The "top two primary" which purports to appeal to Independent voters to encourage them to vote in primaries is misguided. Independent voters, if they vote at all, vote in general elections in November, and that is when Independent voters want to have a choice of candidates. That behavior has been consistent for many years and is not going to change. The "top two primary" actually reduces the number of choices available to Independent voters on the general election ballot in November, which will only depress independent voter turnout in the general election even more.
Ms. Valdez correctly notes what I have been telling you for years, Many independents are 'closet partisans':
"A large percent of these people are closet partisans," said Vincent Hutchings, professor of political science at the University of Michigan. He works with American National Election Studies, which has been surveying the electorate in pre- and post-election interviews since 1948.
"They are not changing the way they view the world by registering independent," he said. "I would discourage you from thinking they are abandoning the parties."
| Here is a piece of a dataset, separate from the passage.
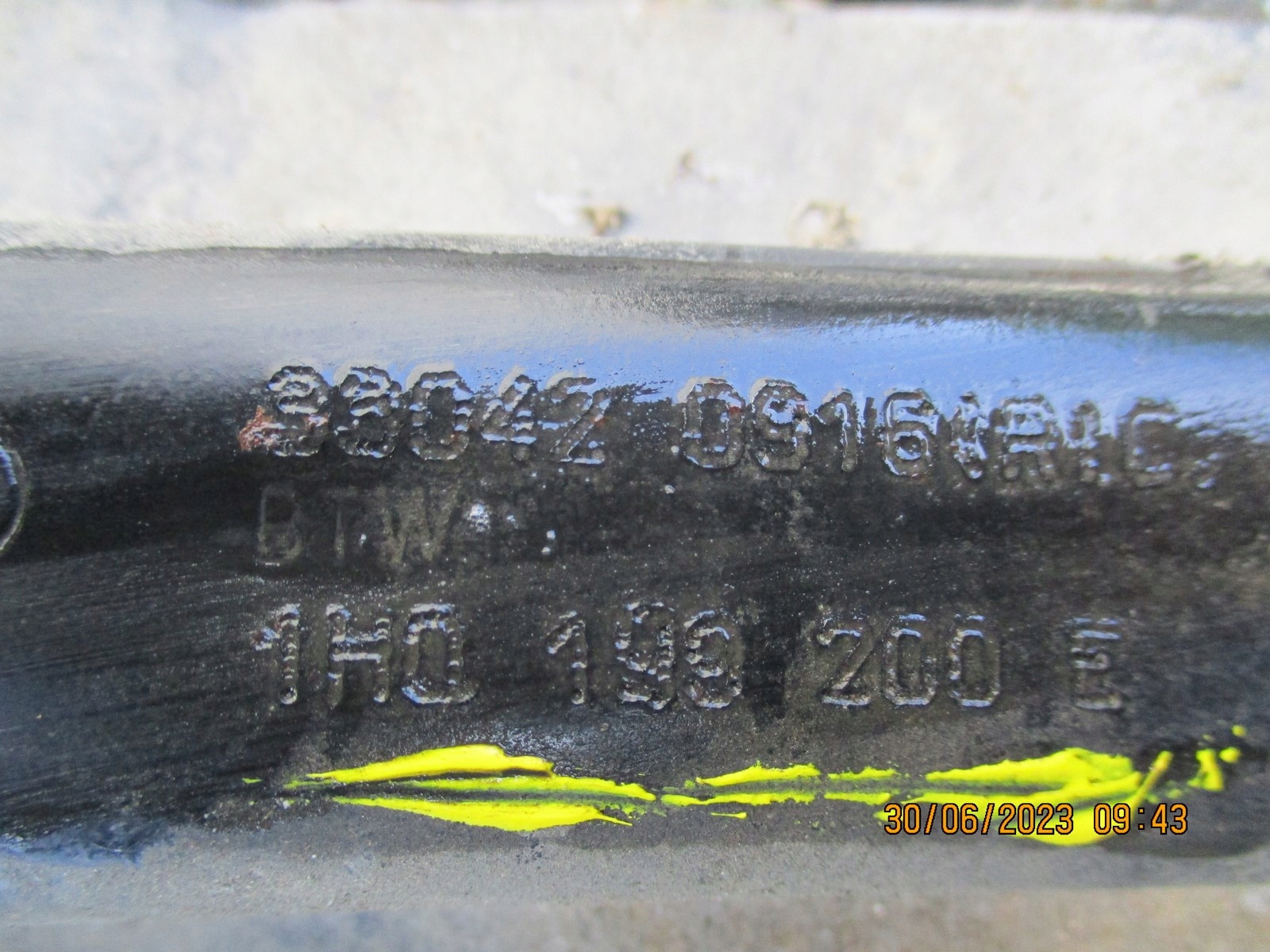 sider below engine VW GOLF III 1H0 1H0199200E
Hutchings said research suggests that only about one-third of people who identify themselves as independent are what he called "true independents." The rest are split evenly between those who lean Republican or Democrat.
"Those who talk about appealing to the moderate independent voter are kidding themselves," he said. "Mostly, independents follow the front-runner."
More importantly, Ms. Valdez concedes this critical point: "Most people who register without a party affiliation don't vote in either the primary or the general election. In a government 'of the people' that's a problem." Also in the "more on this topic" comment, "under a top-two system, the voices of third-party candidates might not be heard in political campaigns. Currently, they have to get only a relatively few signatures and win their own primary to make it on the general- election ballot and gain a platform from which to join the debate over public- policy issues. Judging from past election results, they would be unlikely to emerge from an open primary in one of those top two spots." So how is this beneficial to anyone?
Moreover, as The New Republic reported in August, 2011:
[W]e must visit one of the most robust but amazingly underappreciated findings in American political science: independents are not independent. That is, the overwhelming majority of Americans who say there are “independent” lean toward one party or the other. Call them IINOs (Independents In Name Only). IINOs who say they lean toward the Republicans think and vote just like regular Republicans. IINOs who say they lean toward the Democrats think and vote just like regular Democrats.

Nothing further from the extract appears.